Большое внимание уделяется проблемам экономического положения России. Британский исследователь Питер Гэтрелл в книге «Россия в Первой мировой войне: социальная и экономическая история»{96} подвел итоги изучения этих вопросов в зарубежной русистике. Автор подчеркивает, что за годы войны Россия, несмотря на относительное техническое отставание от ведущих экономик Запада, сделала качественный рывок в производстве вооружений. К 1916 г. около 2/3 продукции тяжелой промышленности предназначалось действующей армии. По сравнению с 1914 г. производство винтовок увеличилось вчетверо, пулеметов — в 13 раз, пушек-трехдюймовок — в 10, снарядов — в 30 раз. Прогресс России в выпуске военной продукции отмечают и другие исследователи{97}. Однако эти успехи были достигнуты ценой свертывания гражданского производства. К 1917 г. промышленное производство в стране в целом составляло 62% от предвоенного уровня.

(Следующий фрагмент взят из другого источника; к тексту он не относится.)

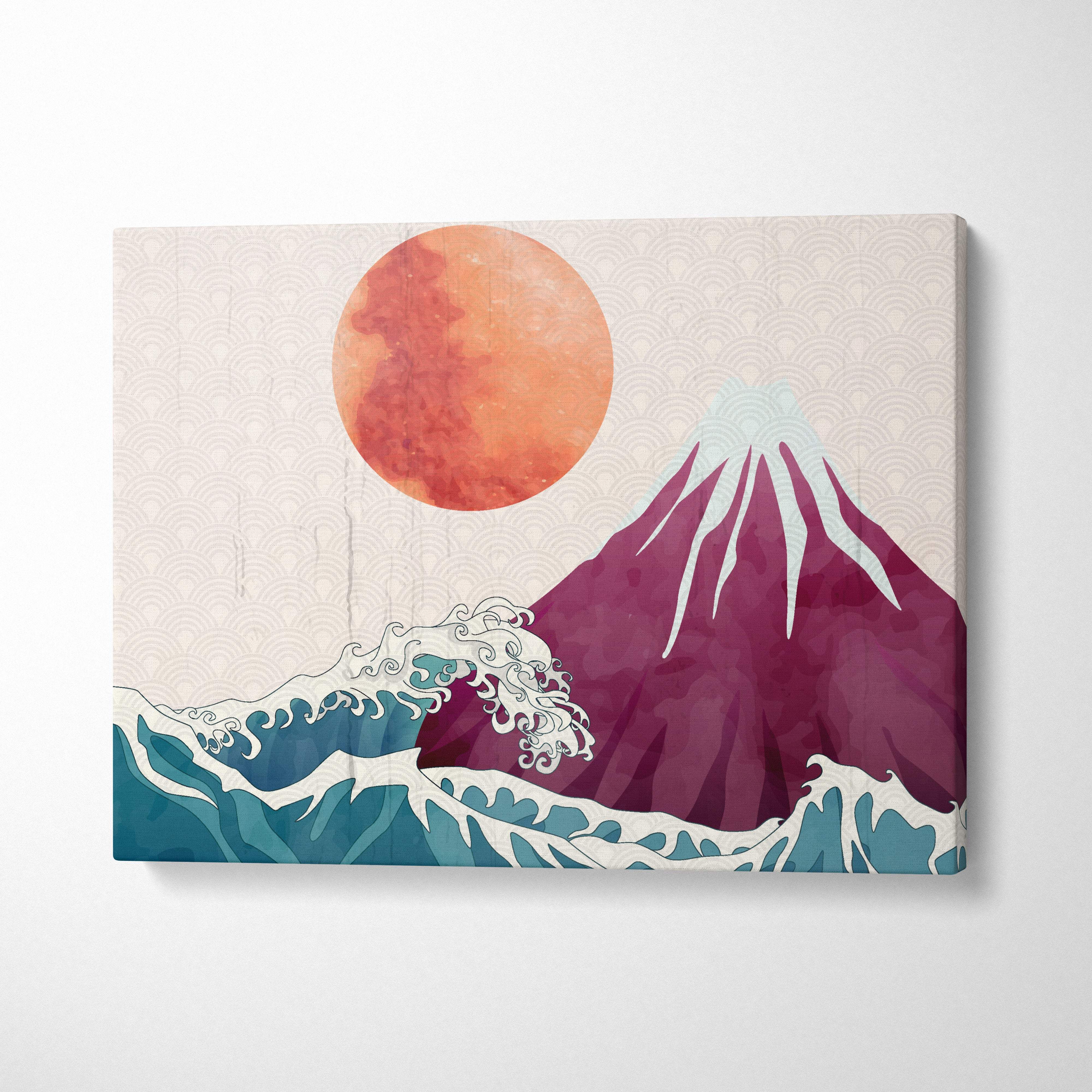 Mount fuji ocean wave canvas wall art with a vibrant orange sun purple snow-capped mountain and teal waves on beige background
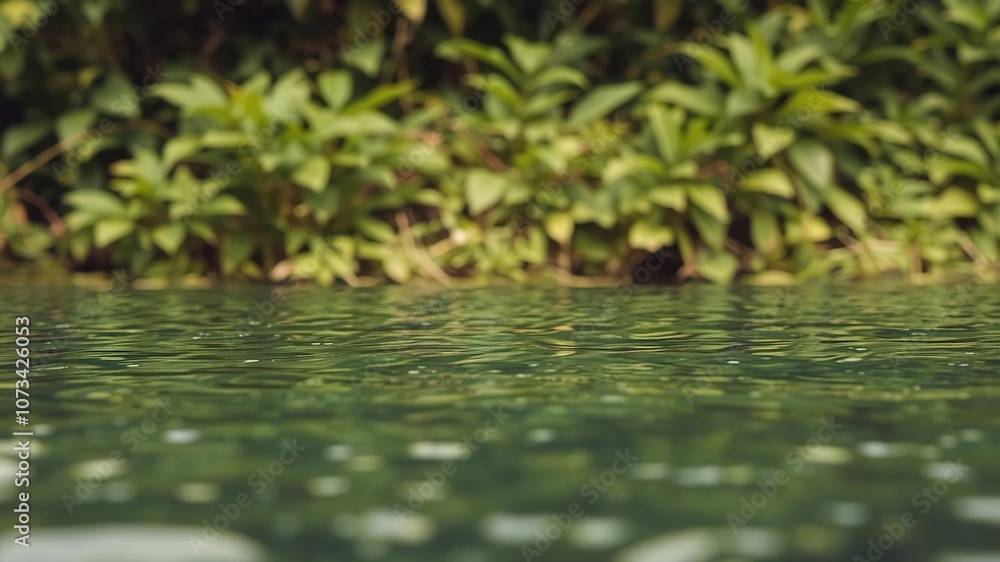 Blurred background of lush green plants and rippling water surface, blurred, abstract Blurred background of lush green plants and rippling water surface, blurred, abstract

Сельское хозяйство России, пишет Гэтрелл, несмотря на трудности военного времени, пострадало меньше. Посевы 1916 г. были лишь на 5% ниже, чем в 1909–1913 гг., а урожайность в сравнении с 1914 г. упала всего на 10%. Транспортная система России, которая исправно работала в 1914 — начале 1915 г., с середины 1915 г. стала испытывать «беспрецедентное напряжение». В свою очередь, транспортные перебои спровоцировали хлебный кризис, хотя зерна в стране все еще было достаточно. В результате рыночные цены на продовольствие подскочили до заоблачных высот. Важной причиной кризиса стала и неспособность правительства скоординировать работу своего продовольственного аппарата на местах. Последний при распределении зерна старался свести к минимуму рыночные механизмы и заменить их административными мерами, тем самым навлекая на себя недовольство населения и провоцируя революцию{98}.